Absolutely.... Try your local library first, he is a very popular author so they likely have it there.


----------



## sebat (Nov 16, 2008)

pidgeon92 said:


> I have a lot of photography books. Since they tend to contain a lot of technical information in graphics and side by side comparisons of photos, I don't think they will translate well to e-book.


I have several photography books myself and have to agree with Pidgeon. That being said, I am still intrigued with having one of these books on my Kindle. There are times when I'm out with my camera and want to refer to my photography book and don't have it with me. I would probably have my Kindle with me, but I know I wouldn't lug the DTB. I had planned to check it out next time I made it to the book store. Guess I won't bother with the sample.

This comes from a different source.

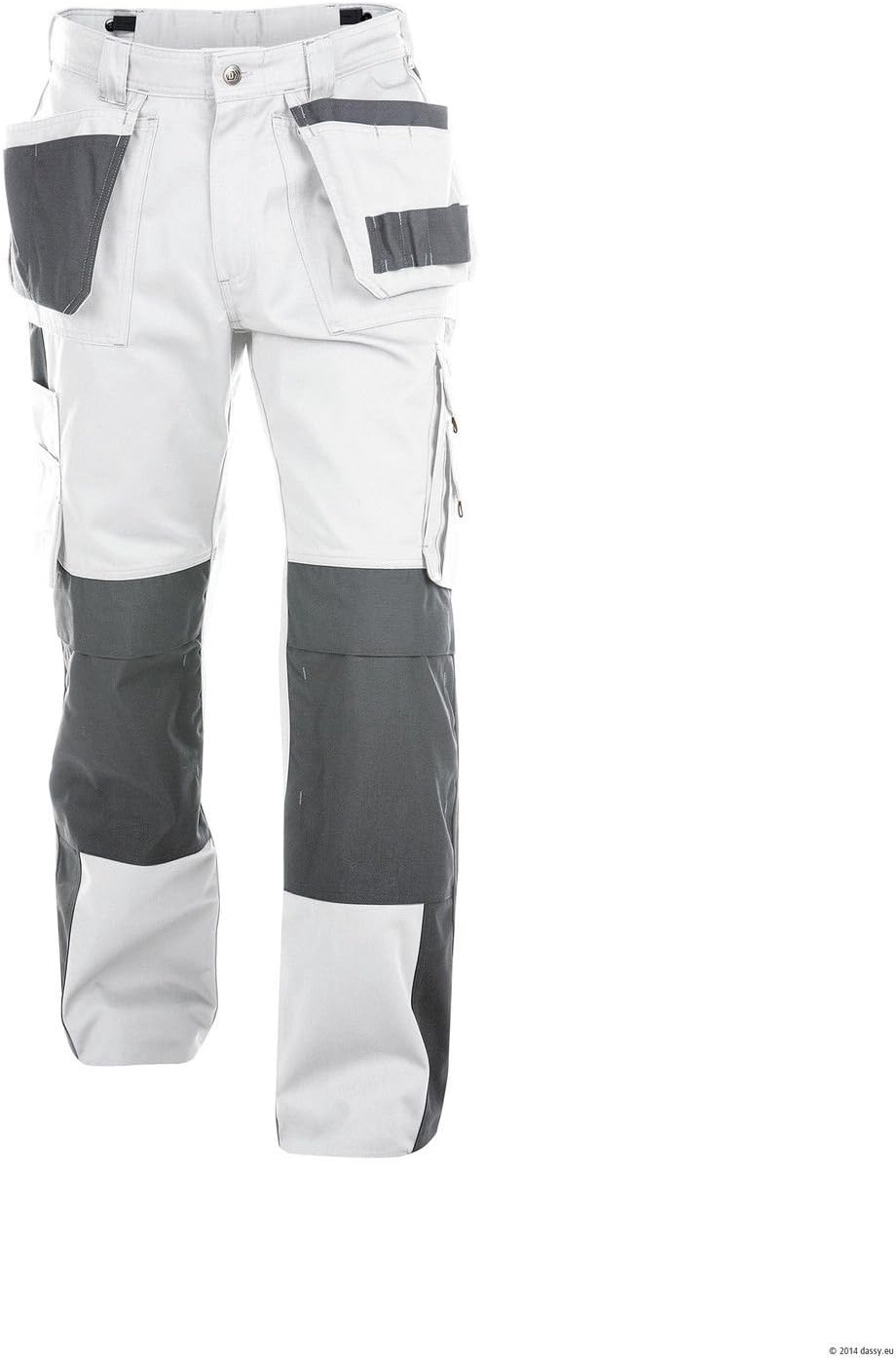 Dassy Seattle Work Trousers Pants White Grey Painters Decorators Short Reg Tall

If you end up buying it let us know how it is.


----------



## chynared21 (Oct 28, 2008)

mom133d said:


> One of my co-workers has a "master plan" for me. This involves me learning about photography so when he retires, I could have a good shot at getting his job. So I see Scott Kelby's The Digital Photograhy Book in Kindle format. Its $9.99 and fantastic reviews so I get a sample. The frigging sample is his thanks, his bio and the table of content! Thanks for nothing Amazon!


*I forget what book it was that I was sampling but it did get as far as the acknowledgements and that was it...*


----------



## LDB (Oct 28, 2008)

I've had a few samples that were incredibly short, not giving enough to get any flavor of what the book might be. As far as photography books go, Scott Kelby is considered one of the better choices in authors of that type book.


----------



## DawnOfChaos (Nov 12, 2008)

pidgeon92 said:


> I have a lot of photography books. Since they tend to contain a lot of technical information in graphics and side by side comparisons of photos, I don't think they will translate well to e-book.

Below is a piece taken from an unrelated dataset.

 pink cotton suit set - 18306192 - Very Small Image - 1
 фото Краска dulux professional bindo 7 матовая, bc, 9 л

I was going to say the same thing. I have his 2nd Digital Photography book, and there are several pics that you might not see what he's talking about if the examples are on a Kindle.


----------



## Marci (Nov 13, 2008)

mom133d said:


> One of my co-workers has a "master plan" for me. This involves me learning about photography so when he retires, I could have a good shot at getting his job. So I see Scott Kelby's The Digital Photography Book in Kindle format. Its $9.99 and fantastic reviews so I get a sample. The frigging sample is his thanks, his bio and the table of content! Thanks for nothing Amazon!


Scott Kelby is a good, well-known photography/Graphic Designs expert. He is funny & knowledgeable. I would recommend his books and due to the subject manner, a book would be better than a Kindle book.

My two cents.

Marci


----------



## sebat (Nov 16, 2008)

chynared21 said:


> *I forget what book it was that I was sampling but it did get as far as the acknowledgements and that was it...*


I remember reading somewhere in one of the other threads that...

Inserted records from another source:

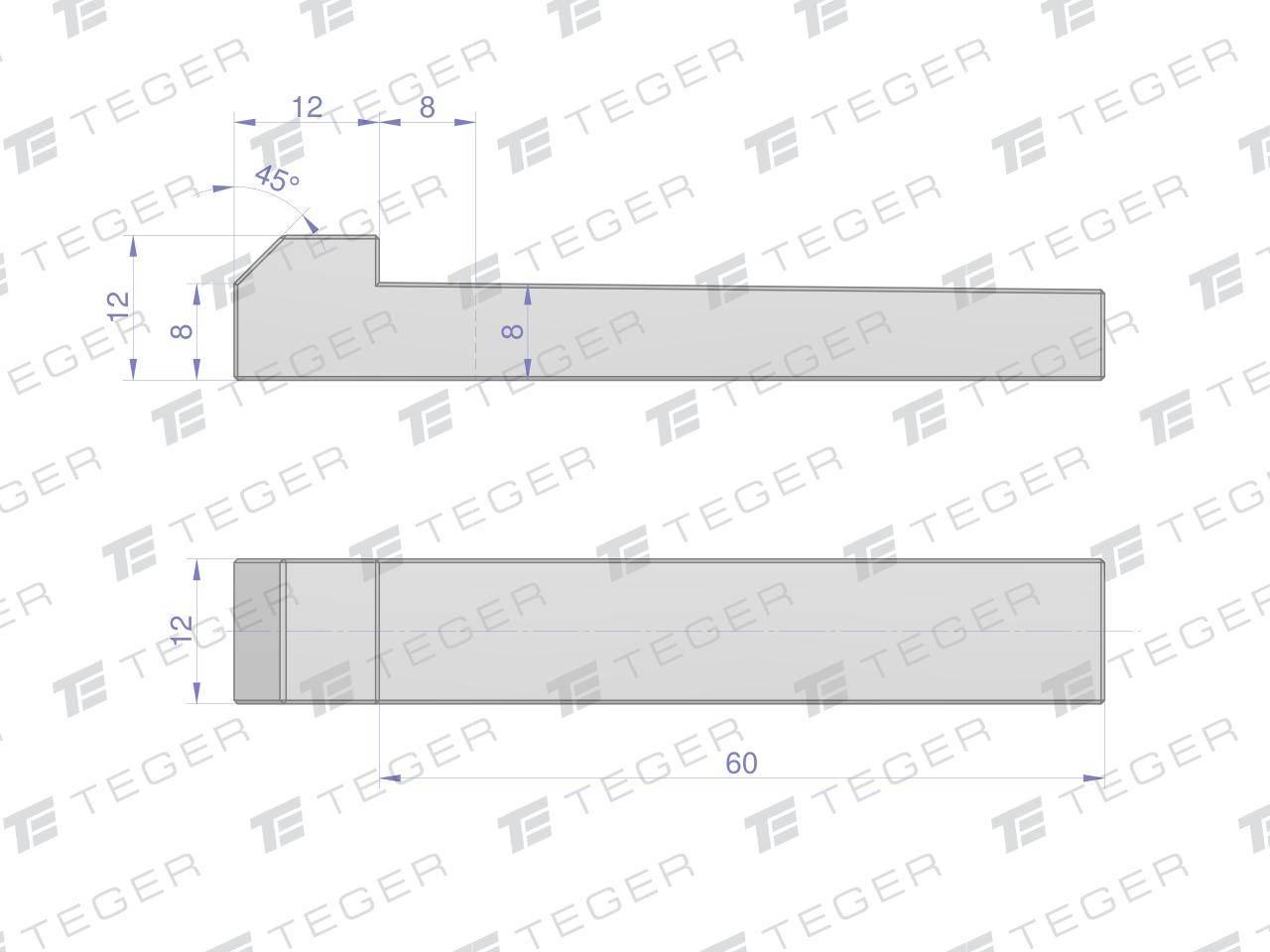 Klin z noskiem 12x8x60 TEGER, 5szt T-KL-12X8X60 - zdjęcie 2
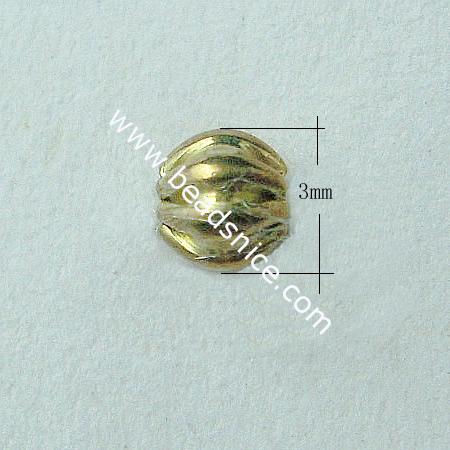 Brass Beads,3mm,Hole About:1.2mm,Nickel-Free,Lead-Safe,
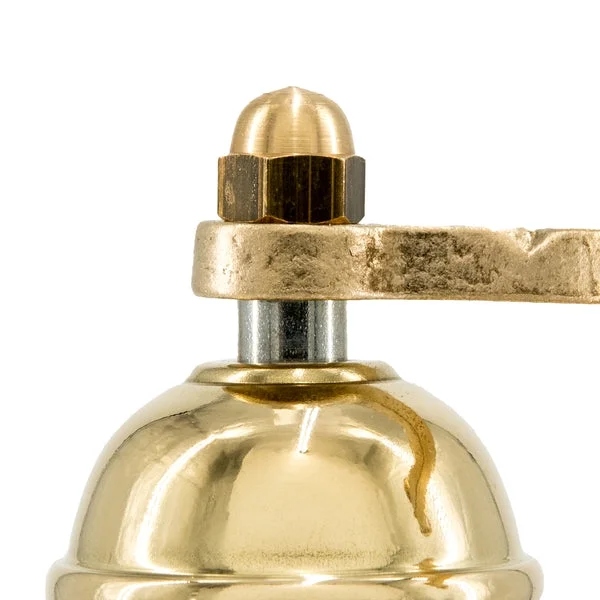 Alexander Home Greek Pepper Mill, 8 Inch Tall, Manual Grinder, Brass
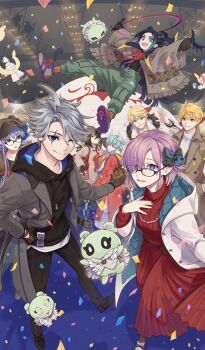 6+boys 6+girls ahoge arthur_pendragon_(fate) arthur_pendragon_(winter_party)_(fate) assassin_(fate/zero) black_eyes black_hair blonde_hair blue_eyes brown_eyes cernunnos_(fate) character_doll coat con_(fate) confetti doll dress fate/grand_order fate_(series) female_assassin_(fate/zero) female_assassin_(winter_party)_(fate/zero) floating glasses gloves green_eyes green_hair grey_hair grin hair_over_one_eye halo hat hildr_(fate) hildr_(winter_party)_(fate) hood hooded_sweater horns isshoku_(shiki) jacket james_moriarty_(ruler)_(fate) james_moriarty_(winter_party)_(fate) kiyohime_(fate) long_hair long_sleeves mash_kyrielight mash_kyrielight_(winter_party) meltryllis_(fate) meltryllis_(winter_party)_(fate) multiple_boys multiple_girls official_art one_eye_closed open_mouth ortlinde_(fate) ortlinde_(winter_party)_(fate) pink_hair purple_eyes purple_hair roland_(fate) roland_(winter_party)_(fate) short_hair smile sweater taisui_xingjun_(fate) taisui_xingjun_(winter_party)_(fate) valkyrie_(fate) xu_fu_(fate) yellow_eyes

Samples are set as a percentage of the total number of pages the book has. I'll not sure on the exact percentage but it's something like 5% or 10%. If it's a shorter book you may not get anything in the sample. I think that percentage can be upped. I don't know if it's something that Amazon, the publisher or the author is responsible for.


----------



## Brian (Nov 13, 2008)

I have this book in Kindle format and it isn't terrible from a formatting standpoint. I haven't read it cover to cover but glanced through it several times.

The table of contents probably has the worst formatting. This is because two reasons, 1 the chapter subtitles are fairly long (e.g. "Chapter Three. Shooting Weddings like a Pro: There is no retaking Wedding Photos. It's got to be right the first time." Even in a small font, that goes to two lines on Kindle screen. Then they use some sub-chapter headings and those are indented. The indent accompanied by the long titles gives an "odd" look in my opinion.

There are a lot of pictures. The pictures generally take up about half the screen. Some are larger. Typically you get text above and/ or below the picture but sometimes do to the way it falls, you'll get a picture on a page by itself.

The text reads pretty much like any other book on Kindle.

I'm not sure how easy it would be to use this as a reference book when your out shooting. I suppose if you read it and added notes and highlighting it would work as well as anything.

So I guess my personal opinion is I would not rule this book out for Kindle. It serves its purpose for me.


----------



## sebat (Nov 16, 2008)

Brian...

Thanks for the review.


----------



## chynared21 (Oct 28, 2008)

sebat said:


> I remember reading somewhere in one of the other threads that...
> 
> Samples are set as a percentage of the total number of pages the book has. I'll not sure on the exact percentage but it's something like 5% or 10%. If it's a shorter book you may not get anything in the sample. I think that percentage can be upped. I don't know if it's something that Amazon, the publisher or the author is responsible for.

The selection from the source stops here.